» ASSIGNMENT: Print the records below exactly, from the line containing "Glowing Kanawha Cadmium" down to the line containing "for Small Space", both lines included, and omit every picture.

» RECORDS TO USE:
Start of Block

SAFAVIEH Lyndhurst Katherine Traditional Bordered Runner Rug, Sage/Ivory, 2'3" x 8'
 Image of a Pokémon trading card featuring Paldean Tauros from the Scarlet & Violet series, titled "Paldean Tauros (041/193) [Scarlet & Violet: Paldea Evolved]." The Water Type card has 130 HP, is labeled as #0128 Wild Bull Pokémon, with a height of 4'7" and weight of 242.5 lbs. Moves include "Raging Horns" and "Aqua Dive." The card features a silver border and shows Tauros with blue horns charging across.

End of Block
Start of Block

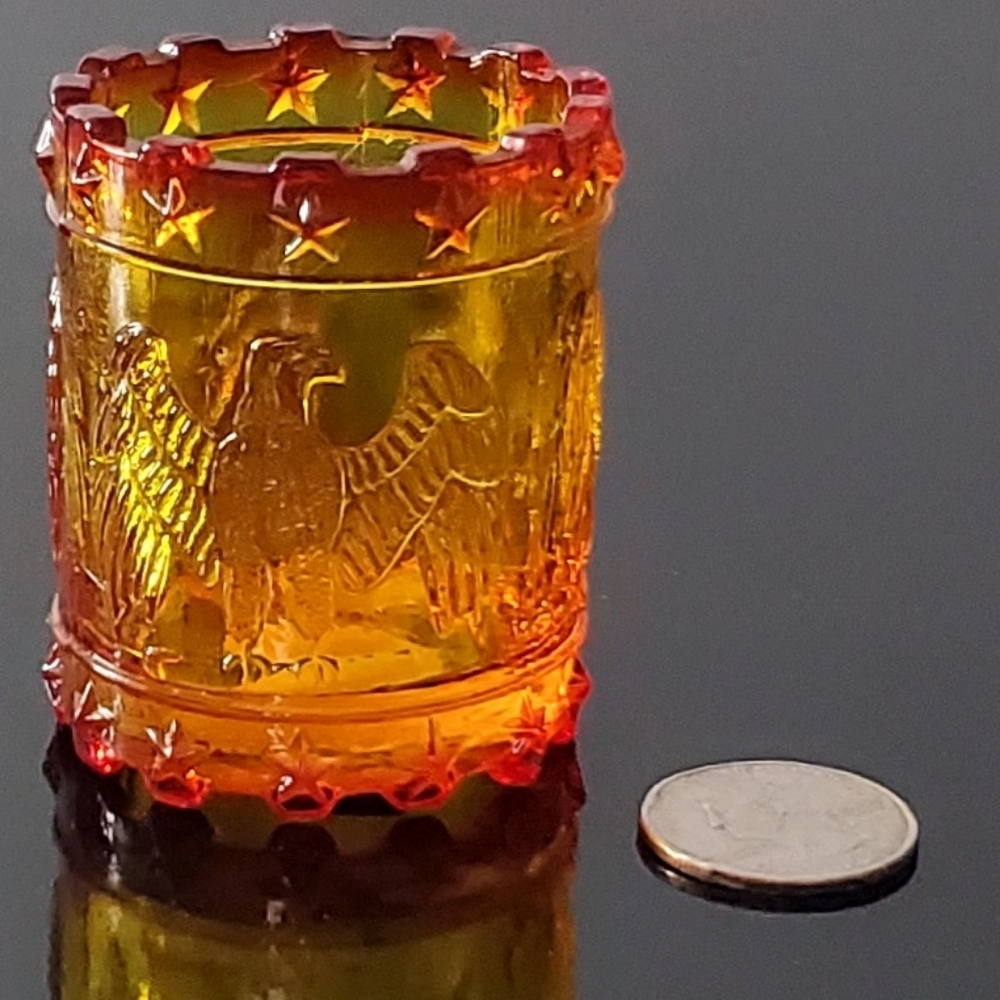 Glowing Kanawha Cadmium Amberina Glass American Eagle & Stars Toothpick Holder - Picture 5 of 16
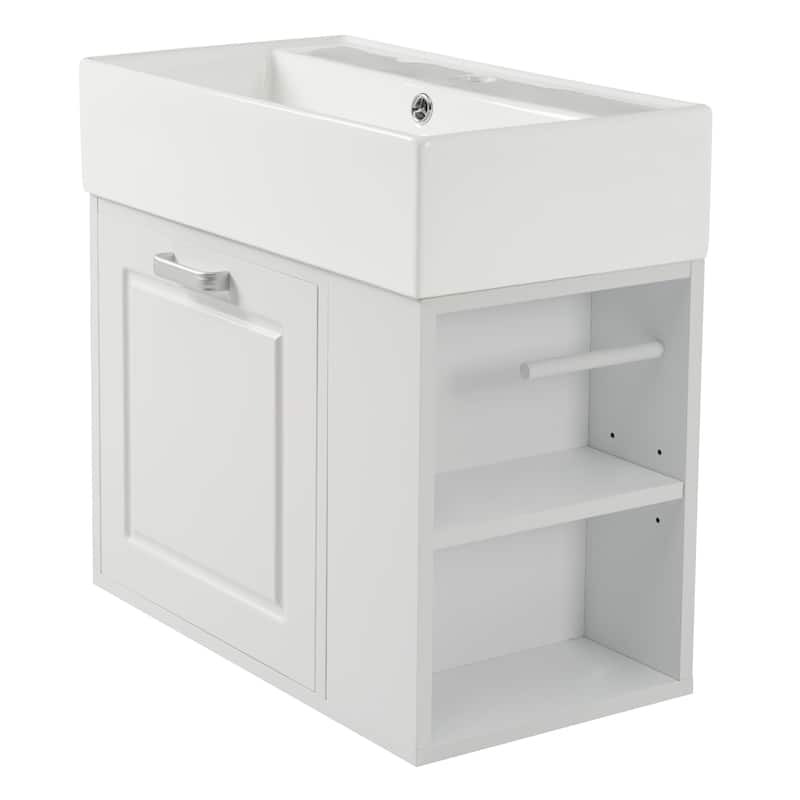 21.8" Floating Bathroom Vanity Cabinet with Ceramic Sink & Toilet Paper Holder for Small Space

End of Block
Start of Block

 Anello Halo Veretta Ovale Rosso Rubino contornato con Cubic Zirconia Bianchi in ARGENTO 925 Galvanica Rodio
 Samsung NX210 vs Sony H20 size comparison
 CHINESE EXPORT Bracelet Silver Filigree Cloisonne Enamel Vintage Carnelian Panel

End of Block

» RESPONSE BELOW:
 Glowing Kanawha Cadmium Amberina Glass American Eagle & Stars Toothpick Holder - Picture 5 of 16
 21.8" Floating Bathroom Vanity Cabinet with Ceramic Sink & Toilet Paper Holder for Small Space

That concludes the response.